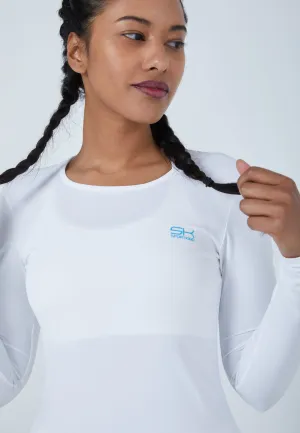 Women Tennis Longsleeve Shirt, white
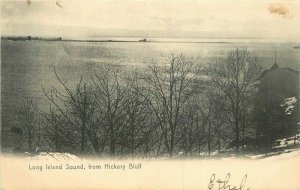 New York Long Island Sound Hickory Bluff undivided Postcard 21-14026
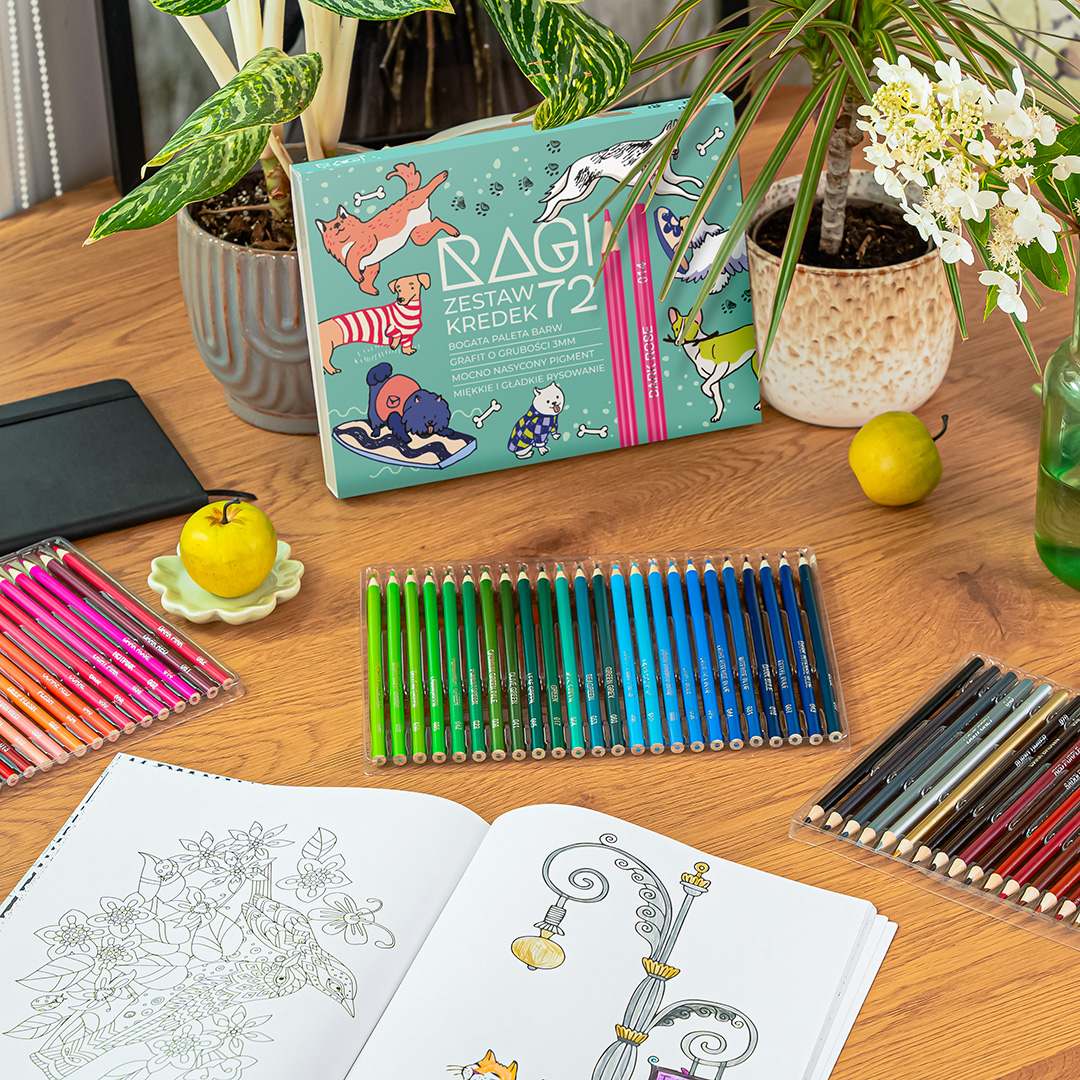 Kredki Olejne Miękkie Artystyczne Profesjonalne Zestaw w Etui 72 Kolory - obrazek 13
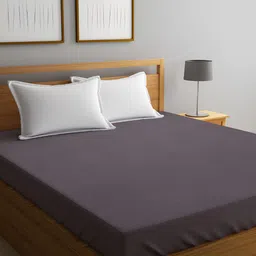 GADDA CO Grey Terry Cotton Fitted Queen Size Waterproof Mattress Protector-image-49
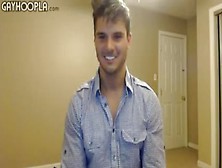 Gay Hoopla - Horny Clark Bates Masturbates With His Legs Spread Wide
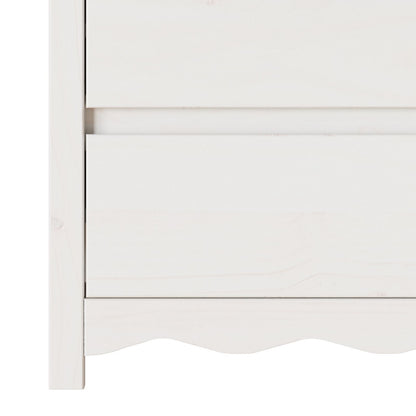 Comodă  &quot;&quot;Drammen&quot;&quot; Alb 111X43X73,5 Cm Lemn Masiv Pin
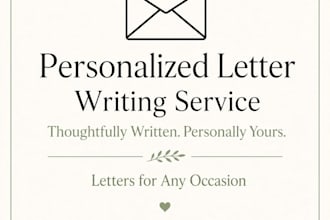 write a personalized letter for any occasion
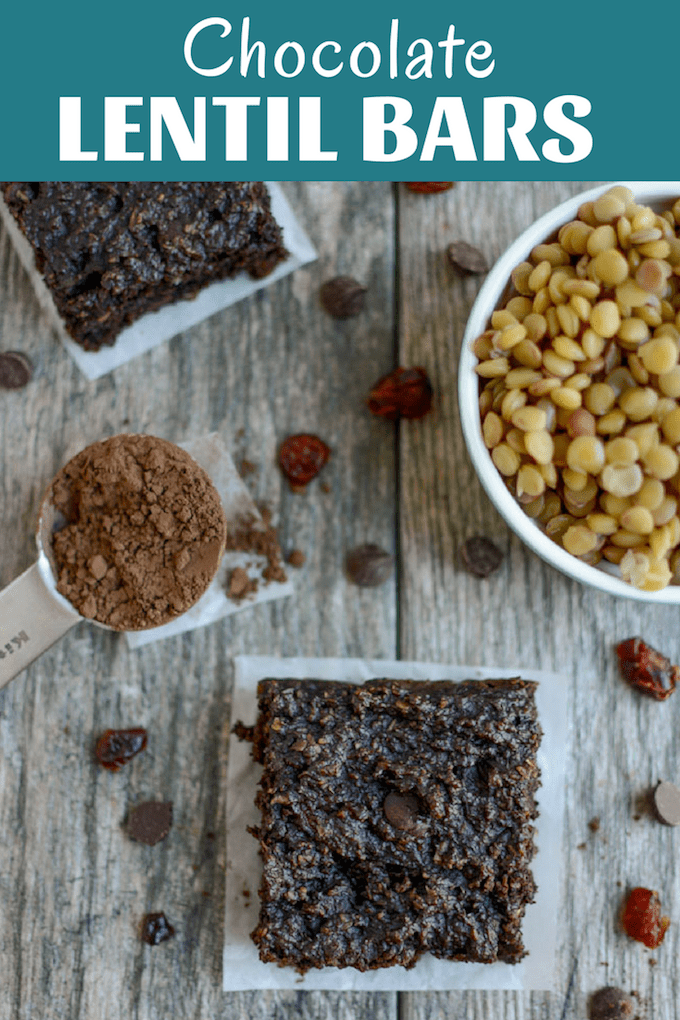 The Chocolate Lentil Bars are a healthy, kid-friendly snack made with just a few simple ingredients. They're gluten-free, nut-free and dairy-free, perfect for school lunches!&nbsp;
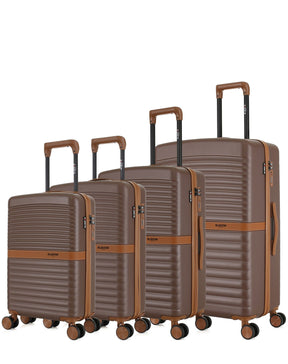 Set de 4 Valises Rigides Grand Format, Week-end, Cabine et Cabine XS BELAIR-O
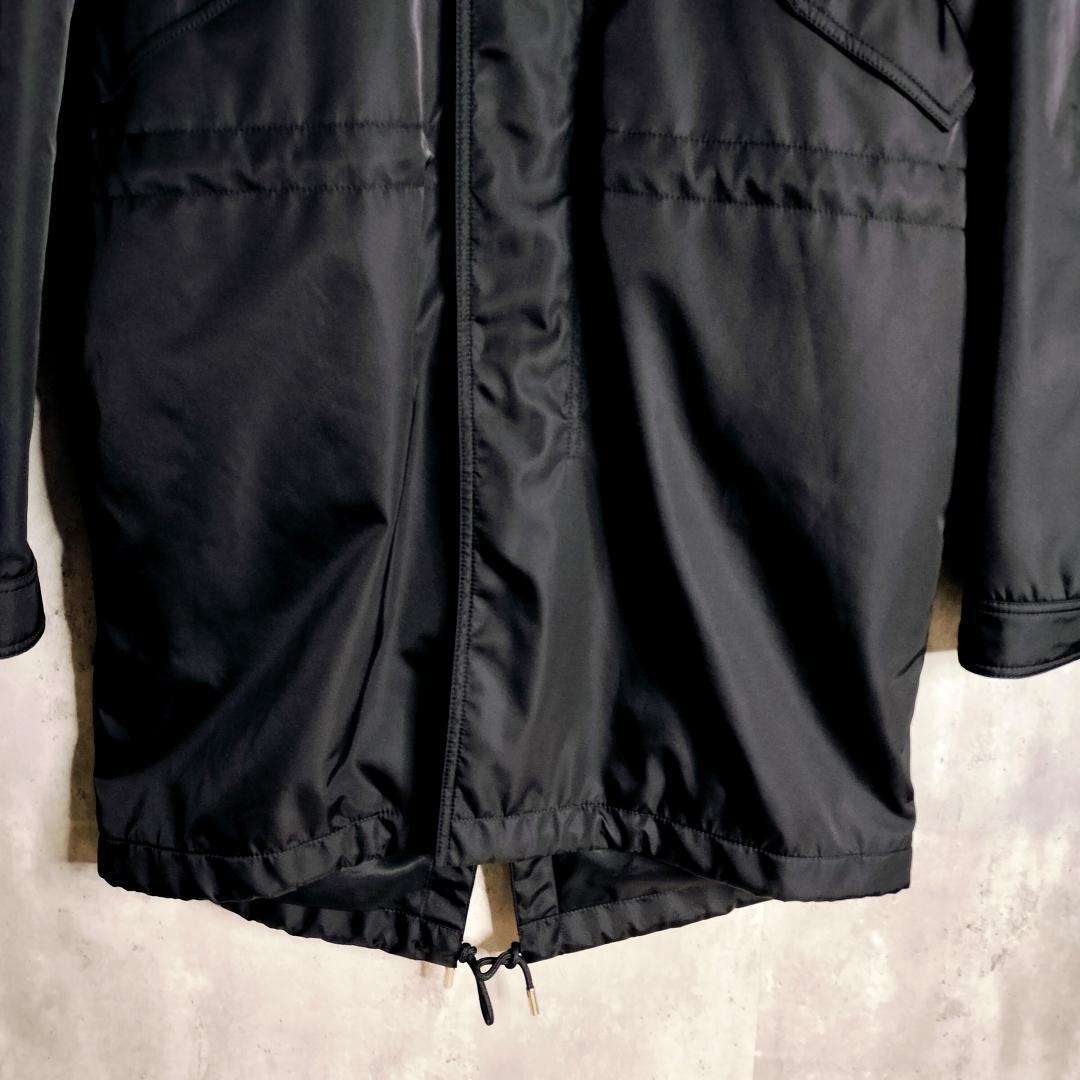 【美品・クリス期】ディオールオム モッズコート サークルロゴ刺繍 48 L 黒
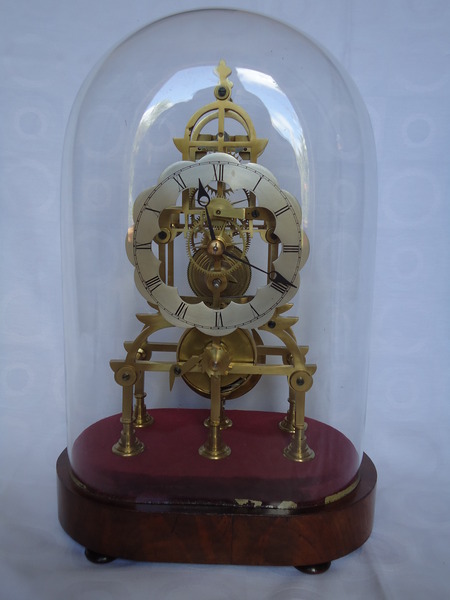 English Victorian Skeleton Clock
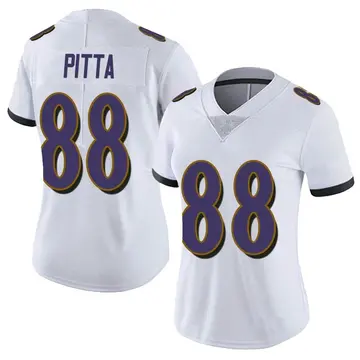 Nike Dennis Pitta Women's Limited Baltimore Ravens White Vapor Untouchable Jersey
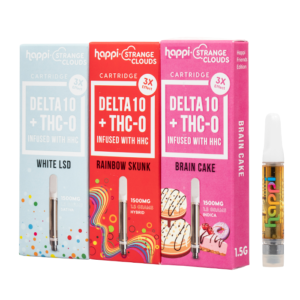 Happi x Strange Clouds Delta-10 + THC-O Cartridge 1.5G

══════════════════════════════

_WORK ORDER_
Only the lines from the start of the records through the line containing "GADDA CO Grey" should be repeated, word for word, with the pictures left out.

_RESULT FOR THIS TASK_
 Women Tennis Longsleeve Shirt, white
 New York Long Island Sound Hickory Bluff undivided Postcard 21-14026
 Kredki Olejne Miękkie Artystyczne Profesjonalne Zestaw w Etui 72 Kolory - obrazek 13
 GADDA CO Grey Terry Cotton Fitted Queen Size Waterproof Mattress Protector-image-49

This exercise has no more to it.